Blicero

jbor jbor at bigpond.com
Sun Mar 4 14:27:44 CST 2001


----------
>From: Doug Millison <millison at online-journalist.com>


> But, the scene is narrated from Blicero's
> point of view, start to finish,

Well, that's not true at all.

> (just a few
> paragraphs before, Blicero has been fantasizing about Gottfried's
> "creamy buttocks knotted together in fear")

    There ought to be big dramatic pauses here. Weissmann's head ought
    to be teeming with last images of creamy buttocks knotted together
    in fear (not one trickle of shit, Liebchen?) the last curtain of gold
    lashes over young eyes pleading [ ... ]            (757.33)

The modality used here and reemphasised ("ought to") straight away seems to
me to indicate that Blicero isn't fantasising any such thing, and the whole
segment is reported from a detached perspective. But, indeed, in case a
reader might have missed it, right after this the detached narrative
actually and overtly demurs that the fantasy about Gottfried's "creamy
buttocks" which "ought to" be taking place in Blicero's head isn't:

    But no, the ritual has its velvet grip on them all. So strong,
    so warm. . . .                     (758.2)
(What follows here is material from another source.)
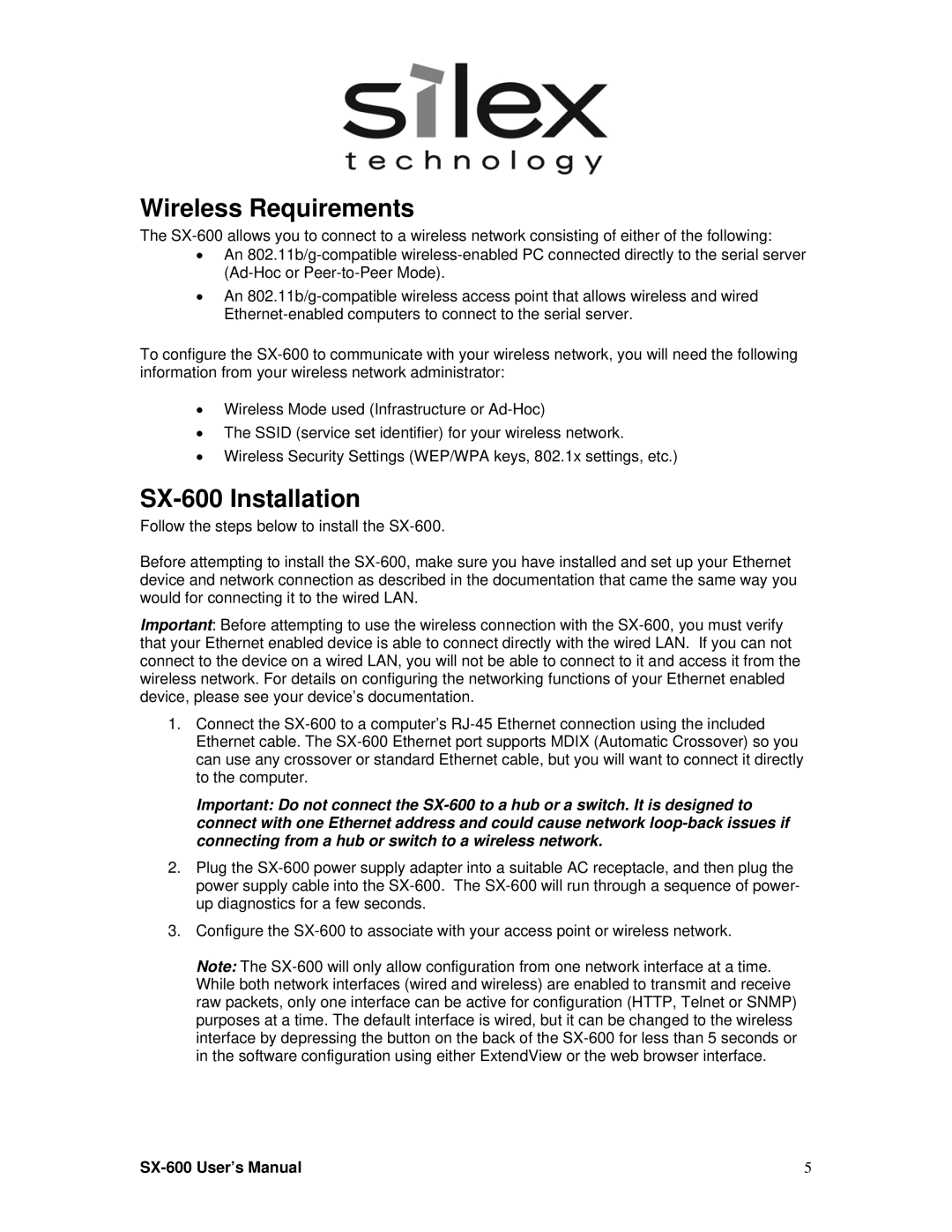 Silex technology setup guide Wireless Requirements, SX-600 Installation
["But no ... ": i.e. but no, this is *not* what Blicero has been imagining.]

Blicero is simply giving the orders as always, and appears totally
transfixed by the ritual of the launch:

    Blicero is a master. He learned quite early to fall into a trance,
    to wait for the illumination, which always comes. It is nothing
    he's ever spoken of aloud.          (758.18)

The scene is very deliberately written from an exterior perspective, and
just as deliberately details what Blicero "ought to" have been thinking but
was *not*. It's quite clear. And it's quite a contrast to Marvy in that hot
tub with Manuela, when the narrative reports exactly what he *is* thinking.